Trattasi effettivamente di un sussidio spesso ritenuto altamente
traumatico, la cui indubbia validità psicopedagogica non è comunque
mai stata messa in discussione. Di fatto, solo la scuola
olista-fancazzista di derivazione naturalista ha sempre apprezzato,
e spesso rimarcato, la positività dell'immediatezza della correzione
comportamentale che la musata provoca: sia nella propedeutica del
lattante ai primi passi, che tosto impara a porre le mani di fronte
a sé nell'istante precedente lo sfracellamento per caduta sin dalle
prime musate illividenti, sia nel giovinetto, quanto nell'adulto,
ove la musata può consentire il raggiungimento di obiettivi
precipui.
E' in quest'ultimo ambito della (ri)educazione dell'adulto che la
musata sembra poter garantire un'elevata resa qualitativa, finanche
con un rapporto costi-benefici sicuramente di riguardo.
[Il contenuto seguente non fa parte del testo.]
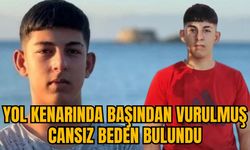 YOL KENARINDA BAŞINDAN VURULMUŞ CANSIZ BEDEN BULUNDU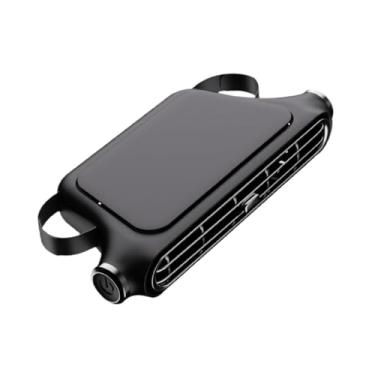 Imagem de Fenteer Carros Satent Fan for Backseat USB Fan pessoal portátil Saving automático de 3 velocidades Fã de resfriamento para SUV Van Trucks Crianças Mulheres, Preto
Non possiamo
qui non accennare ad una particolare vartetà di musata applicabile
alle persone mature: relegata la musata fisica alle sole
rieducazioni d'emergenza (la fidanzata correggerà l'impiegatuccio
bancario troppo trattenutosi nel circolino, sbattendogli
ripetutamente la faccia sul rubinetto del lavandino da lui colmato
di vomito, giustamente sincronizzando i quattro colpi con gli
accenti tonici della frase: telavevod-É-tto
dism-È-tte dimbriac-À-tti,
am-Ó-re, come da perfetta applicazione della
logomusatologia d'urgenza), si rileva la recente riabilitazione
della musata metaforica, finora sepolta dagli sprezzanti giudizi dei
dottrinali materialisti, terrorizzati dall'ammissibilità di un tale
sussidio, chiaramente non materiale.
Sono gli Stati Uniti d'America ad aver confermato con recentissimi
studi, già avvalorati dall'esperienza (εμπειρια),
l'importanza della musata metaforica, particolarmente quando
l'educando abbisogni di essere ricondotto verso le principali
best practices dell'economia domestico-familiare; tali ricerche
mostrano tra l'altro, a parziale riabilitazone delle teorie
materialiste, come la metafora (μεταφορά) debba essere
riconducibile con chiarezza ad aspetti concretamente ed
immediatamente percepibili dal soggetto, quali l'ingiunzione di
pagamento, il fermo amministrativo della vettura, il drastico
deprezzamento del portafoglio titoli, il pignoramento della magione,
il tracollo del fondo pensione, dimodoché egli, nel proferire a
mezza voce l'interiezione di rito «Po' po' di musata!» percepisca
anche un fastidïoso e persistente bruciore di culo.